Extracted entries:
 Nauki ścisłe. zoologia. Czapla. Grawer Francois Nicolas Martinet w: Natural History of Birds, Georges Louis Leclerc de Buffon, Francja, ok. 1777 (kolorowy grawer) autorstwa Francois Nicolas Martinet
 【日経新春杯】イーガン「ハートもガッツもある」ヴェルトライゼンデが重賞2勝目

---

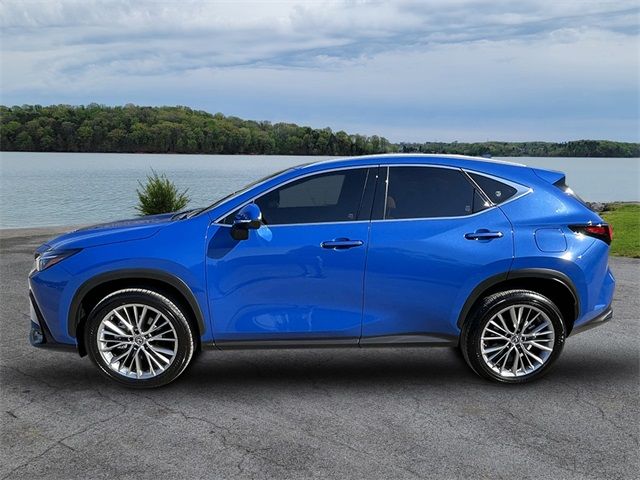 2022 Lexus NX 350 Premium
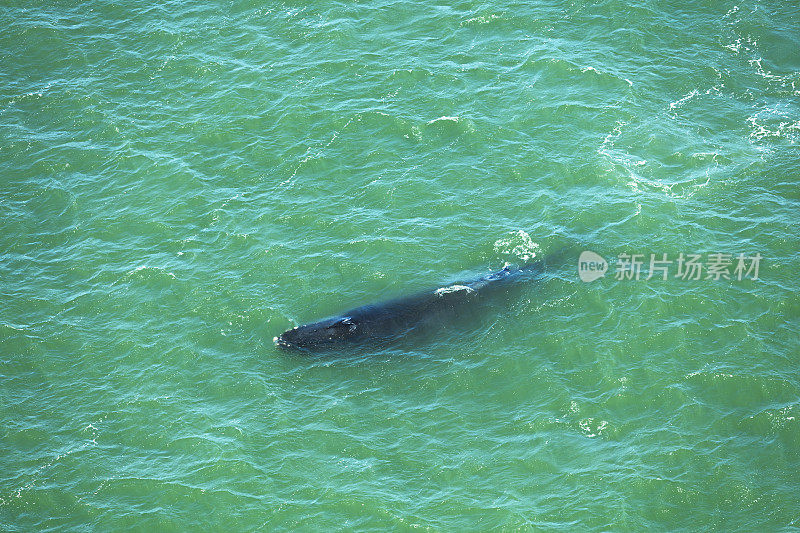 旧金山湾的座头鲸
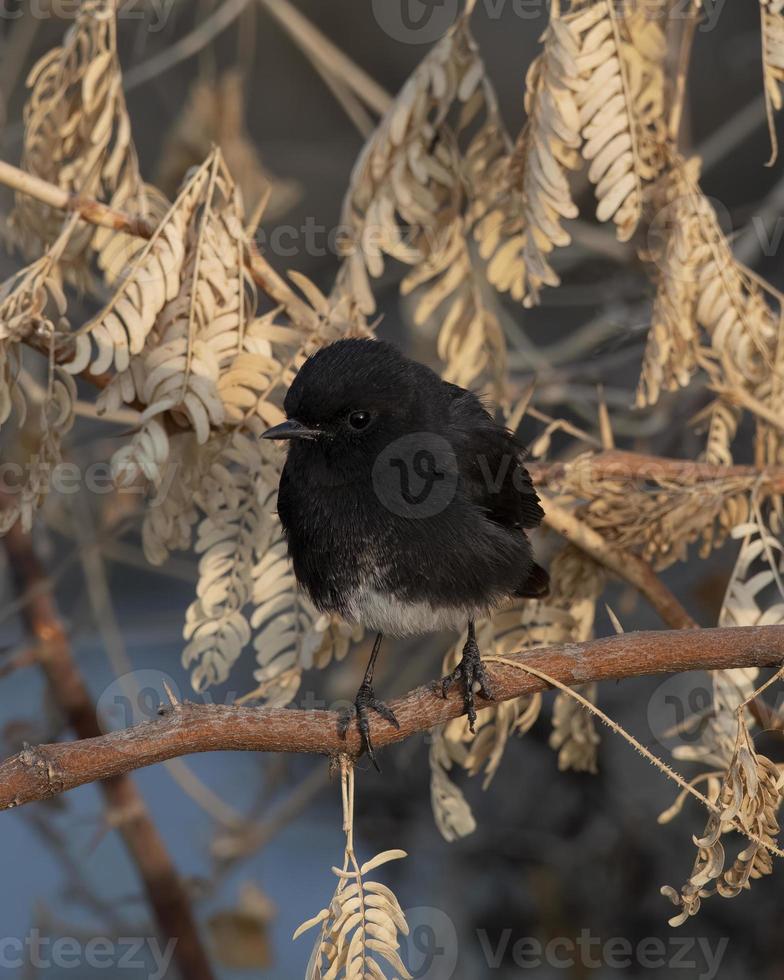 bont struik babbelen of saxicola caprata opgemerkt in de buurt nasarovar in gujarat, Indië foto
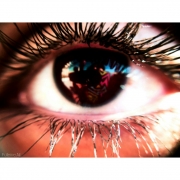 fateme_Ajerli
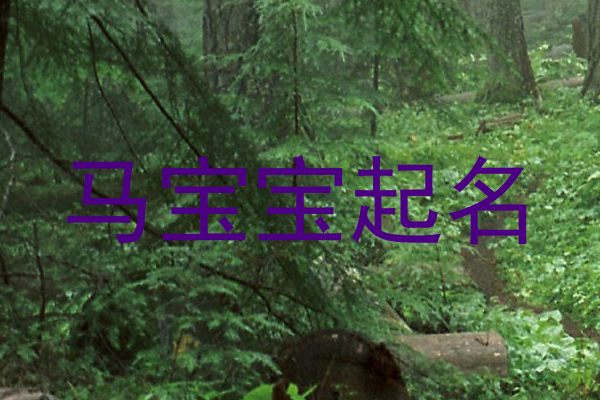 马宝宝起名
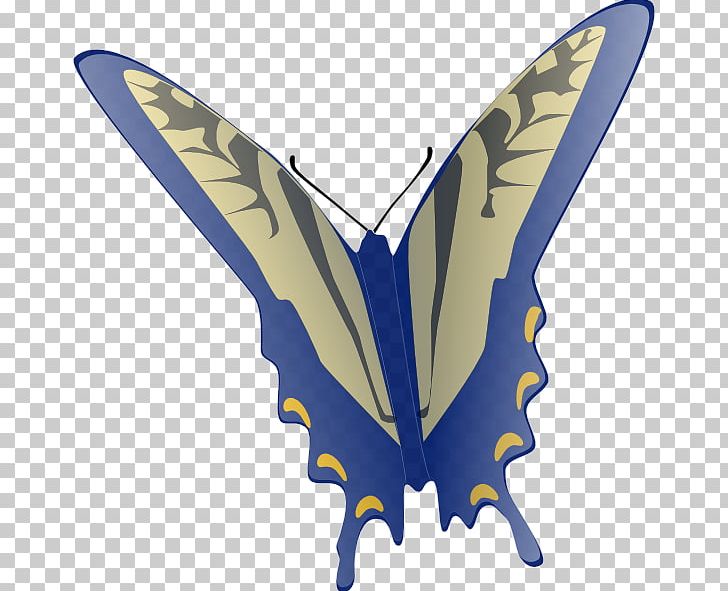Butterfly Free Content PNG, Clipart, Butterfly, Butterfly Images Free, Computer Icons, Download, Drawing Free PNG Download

...

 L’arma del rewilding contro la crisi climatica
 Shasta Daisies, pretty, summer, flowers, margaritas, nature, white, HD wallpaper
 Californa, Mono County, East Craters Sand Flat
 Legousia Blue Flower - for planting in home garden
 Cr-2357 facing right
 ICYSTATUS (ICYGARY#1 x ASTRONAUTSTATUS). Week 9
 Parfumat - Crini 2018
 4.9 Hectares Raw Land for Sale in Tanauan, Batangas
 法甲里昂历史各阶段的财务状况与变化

Exercise prompt: Reproduce the data above exactly, but only the lines from the one showing "bont struik babbelen" through the one showing "Butterfly Free Content", with both ends kept and the pictures left out.

Solution:
 bont struik babbelen of saxicola caprata opgemerkt in de buurt nasarovar in gujarat, Indië foto
 fateme_Ajerli
 马宝宝起名
Butterfly Free Content PNG, Clipart, Butterfly, Butterfly Images Free, Computer Icons, Download, Drawing Free PNG Download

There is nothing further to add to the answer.